El lunes a las 9:30 de la mañana, en pleno asfalto madrileño, comenzaba una experiencia que acabaría pareciendo un sueño de verano. Desde Nuevos Ministerios partimos a bordo de unos Cupra Garage con destino al Puerto de Canencia, en plena Sierra Norte, para una escapada muy especial: una ruta de senderismo junto al artista Carlos Ares.
Tras 45 minutos de trayecto, el paisaje urbano quedó atrás y nos recibió un entorno de aire limpio y montañas verdes. Nos echamos crema solar –algunos más generosamente que otros, como demostraron después los hombros colorados– y comenzamos la caminata. Éramos unas 18 personas: un grupo heterogéneo formado por periodistas, miembros del equipo del artista, amigos cercanos y cuatro fans afortunados que habían ganado un sorteo para compartir esta jornada tan especial.
La ruta nos llevó en dirección al Mirador de la Chorrera. Entre charlas distendidas y risas, el camino nos regaló escenas casi bucólicas: cruzamos un arroyo sobre troncos improvisados, pisamos praderas encharcadas que nos empaparon los zapatos y nos topamos con un grupo de vacas que parecían observarnos con la misma curiosidad con la que nosotros las mirábamos a ellas.

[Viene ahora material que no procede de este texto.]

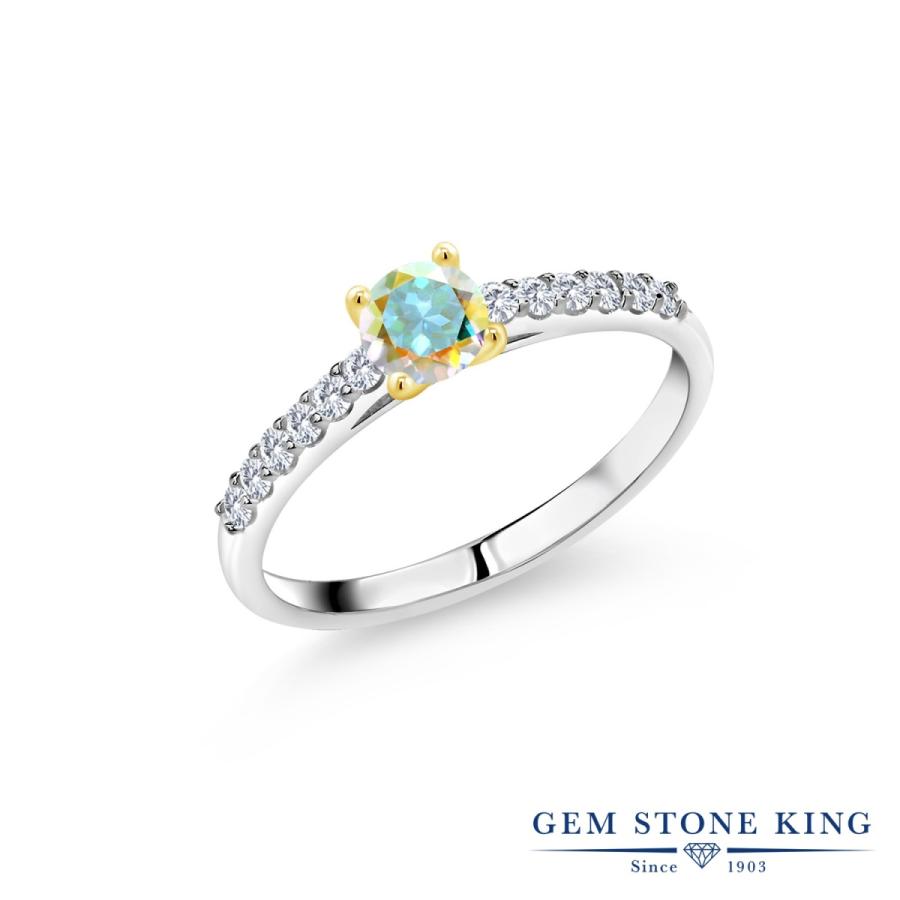 天然 ミスティック トパーズ リング レディース 指輪 天然石 お守り ブランド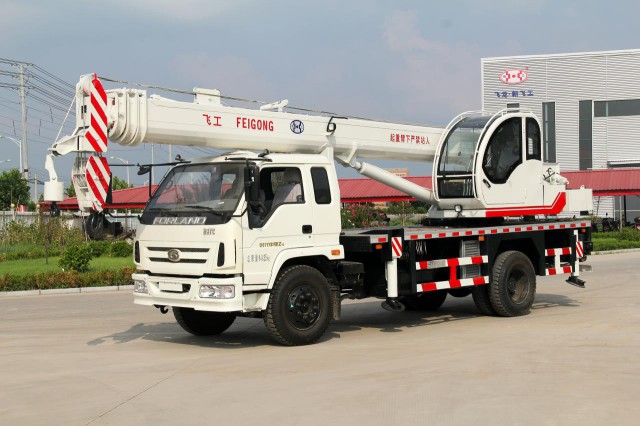 crane truck parts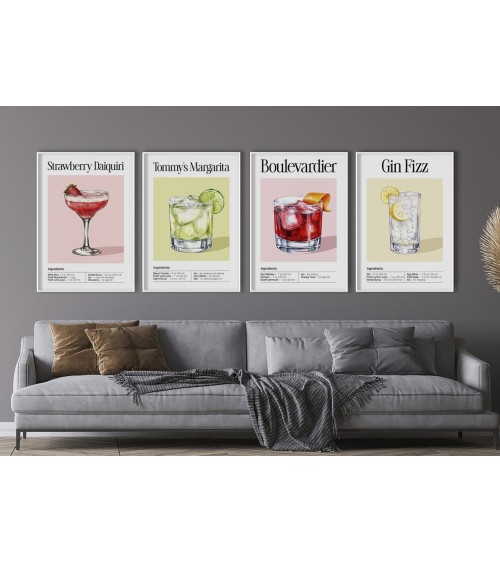 Composición mod. Coctel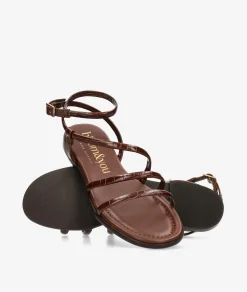 Sandalias bloom&you IVY en coco marrón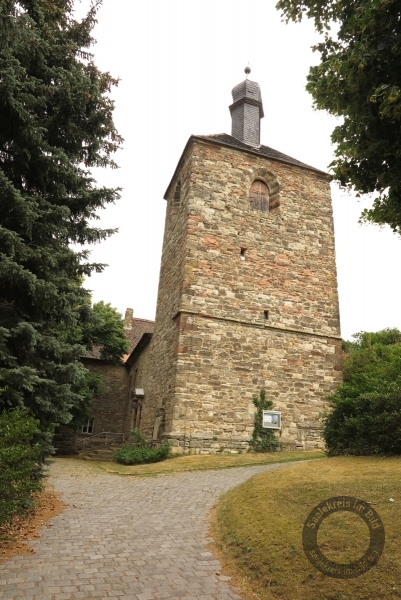 Kirche St. Vitus in Teutschenthal im Saalekreis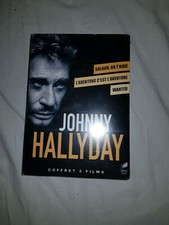 Coffret Dvd Johnny hallyday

Aunque al llegar al puerto el termómetro marcaba 23 grados, el calor se fue haciendo notar a medida que avanzábamos, pero no lo suficiente como para empañar la magia del recorrido.
Al llegar al mirador, el paisaje se impuso con una fuerza serena. Rodeados de naturaleza, con el murmullo de un cuco como único sonido de fondo, nos sentamos en las piedras a disfrutar del momento. Fue allí donde Carlos Ares, con la tranquilidad que da el entorno, nos habló de su próximo proyecto: una pieza de música ambiental de unos 45 minutos, pensada para escucharse como una experiencia inmersiva. También nos confesó que Terrícola, uno de sus temas más íntimos, fue grabado precisamente en aquel entorno. Como si la naturaleza se hiciera cómplice, un par de buitres sobrevolaron nuestras cabezas, dejando que los viéramos lo justo como para recordar que estábamos en su territorio.
De regreso al punto de partida, nos esperaba un picnic digno de cualquier postal veraniega: ensalada de pasta, gazpacho frío, quesos variados y unos sandwiches que sabían a gloria después de la caminata. En un momento casi cinematográfico, Carlos sacó su guitarra y, mientras hacíamos la digestión bajo la sombra de los árboles, nos regaló versiones acústicas de Terrícola, Peregrino y Días de perros. La cercanía de su voz, la calidez de la madera de la guitarra y el murmullo del viento componían un cuadro perfecto.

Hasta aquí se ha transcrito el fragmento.